THE PROBLEM: Locate the line containing "A young Asian" in the material below. Copy that line and all following lines through the end exactly, omitting any pictures.

ENTRIES SUPPLIED:
☆ ☆ ☆ ☆
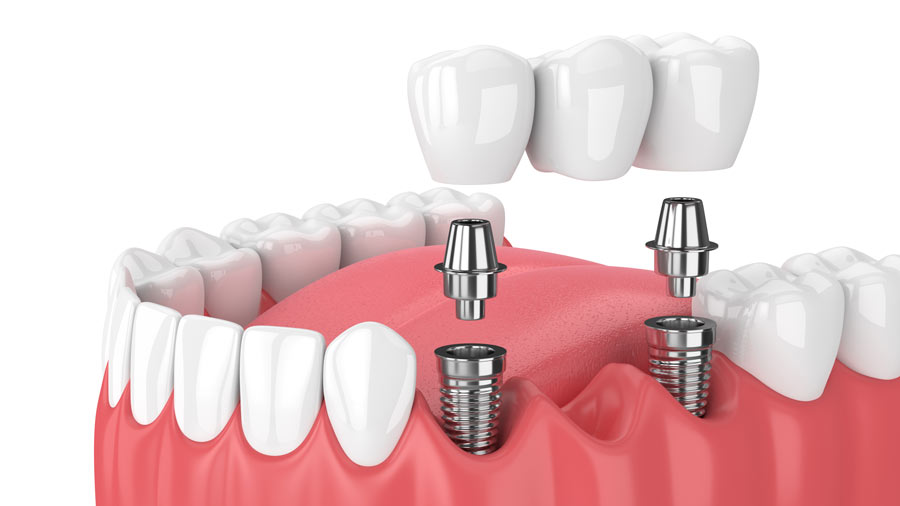 Grand Rapids Implant Supported Bridge Dentist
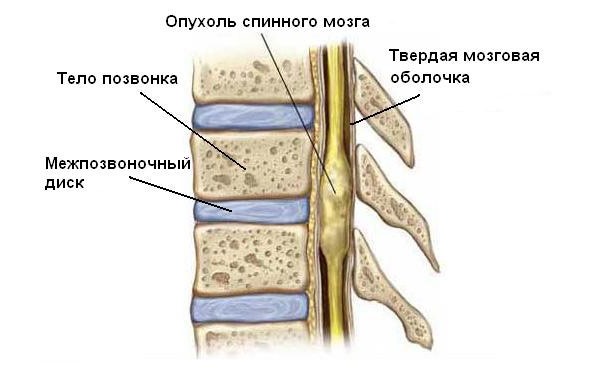 Томографию применяют при подозрении на онкологию позвоночника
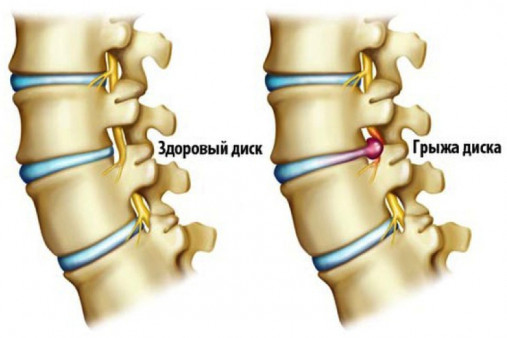Мануальная терапия при грыже позвоночника 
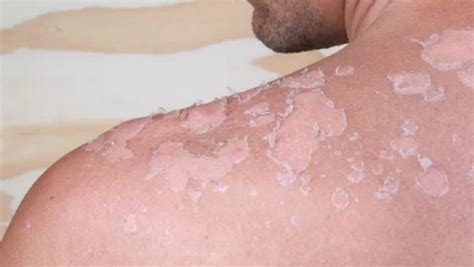 What Does Skin Cancer Look Like   CancerOz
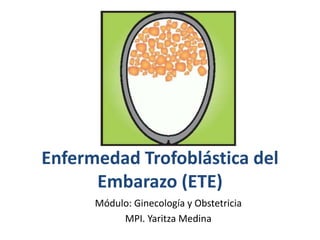 Enfermedad Trofoblástica del
Embarazo (ETE)
Módulo: Ginecología y Obstetricia
MPI. Yaritza Medina
 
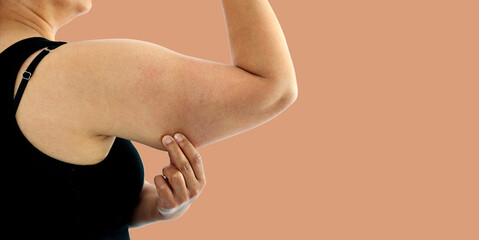 A young Asian woman grabbing skin on her upper arm with excess fat isolated on a white background....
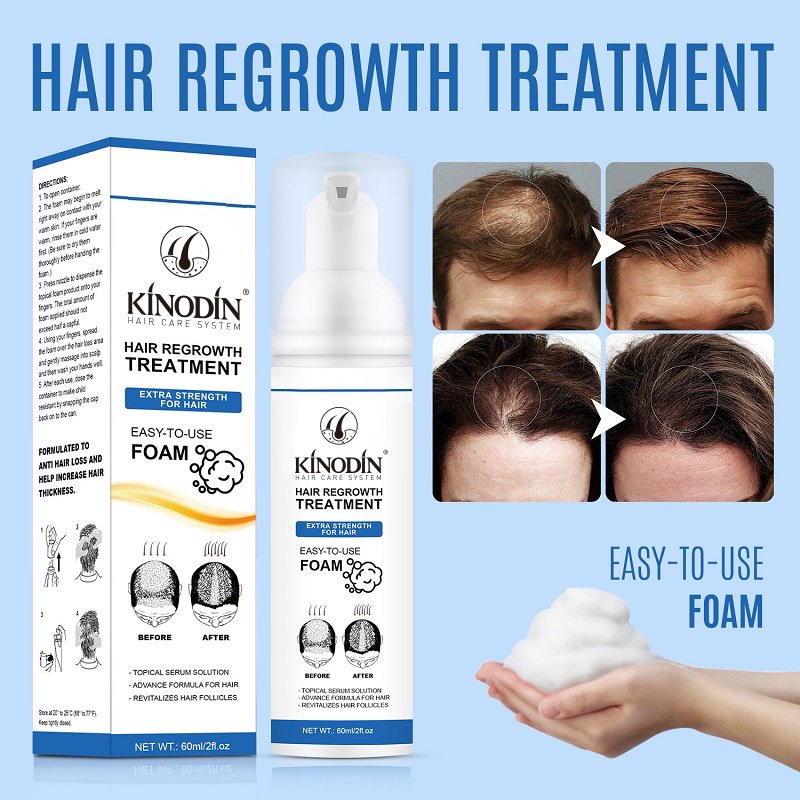 KINODIN Men's Topical Solution Anti- Hair Loss rogain Treatment Hair Regrowth Oil Biotin Serum hair growth foam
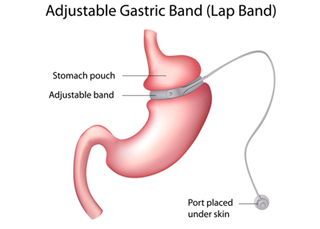 Endo-Laparoscopic Surgi-Centre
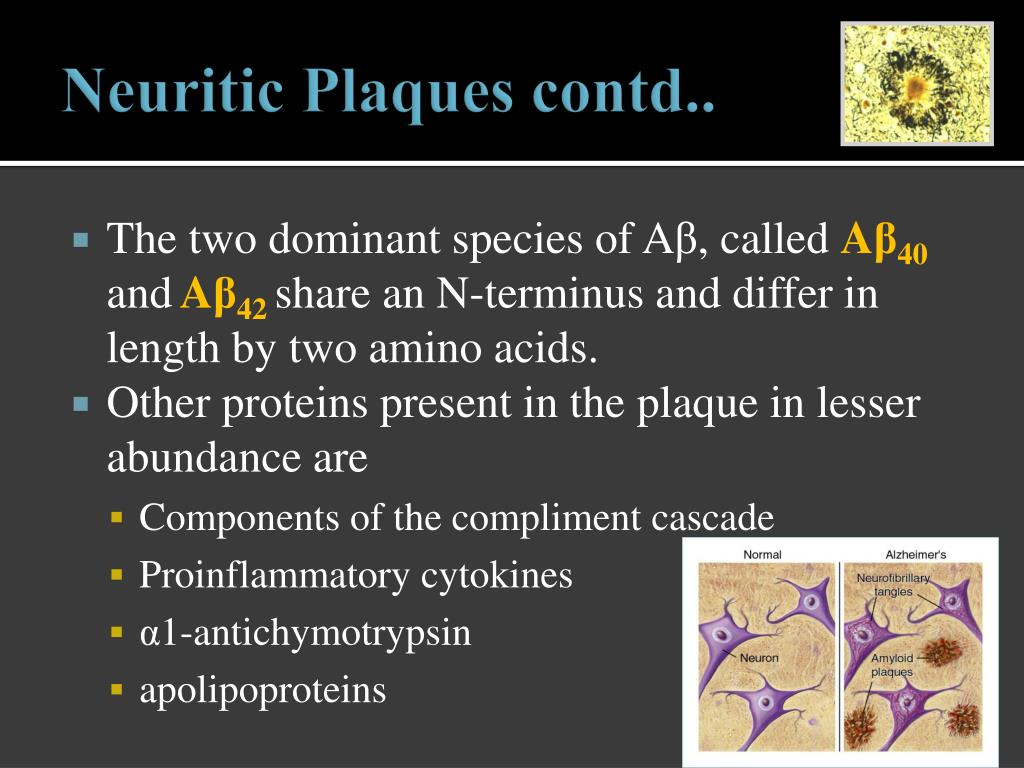 Neuritic Plaques In Alzheimer's Disease Are Composed Of at Ronald Rooks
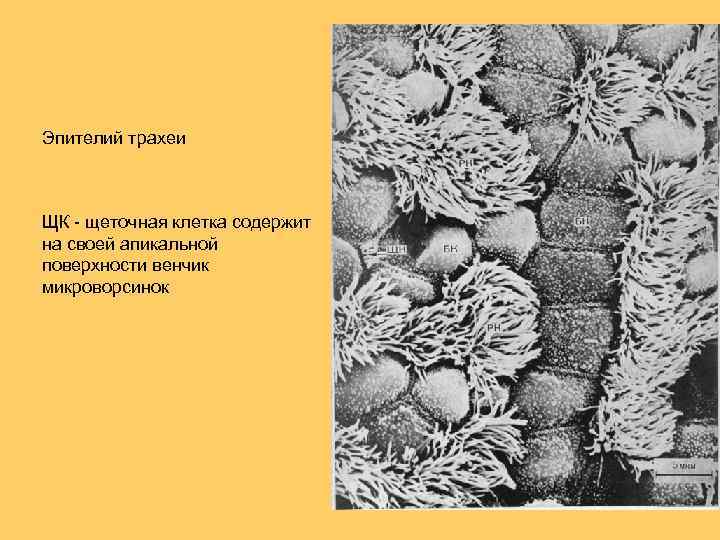 Эпителий трахеи ЩК - щеточная клетка содержит на своей апикальной поверхности венчик микроворсинок 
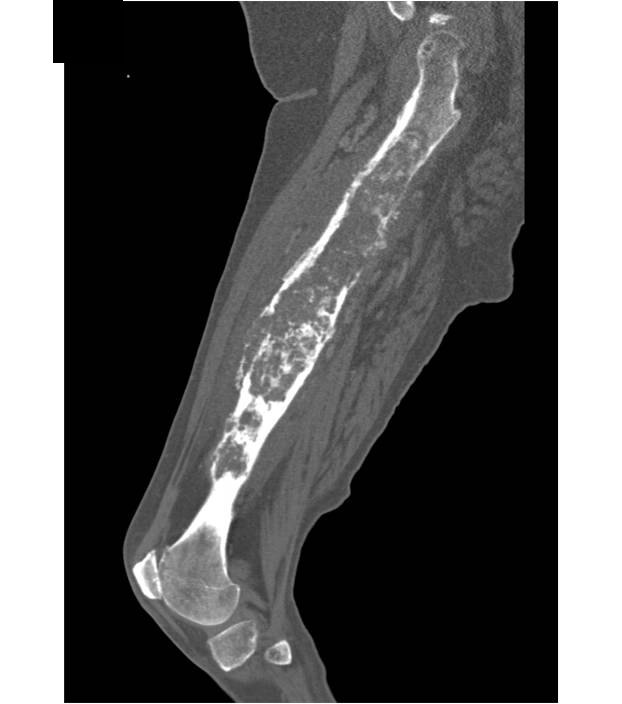 Primary Lymphoma of Bone - CTisus CT Scan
☆ ☆ ☆ ☆
ANSWER SPACE:
 A young Asian woman grabbing skin on her upper arm with excess fat isolated on a white background....
 KINODIN Men's Topical Solution Anti- Hair Loss rogain Treatment Hair Regrowth Oil Biotin Serum hair growth foam
 Endo-Laparoscopic Surgi-Centre
 Neuritic Plaques In Alzheimer's Disease Are Composed Of at Ronald Rooks
 Эпителий трахеи ЩК - щеточная клетка содержит на своей апикальной поверхности венчик микроворсинок 
 Primary Lymphoma of Bone - CTisus CT Scan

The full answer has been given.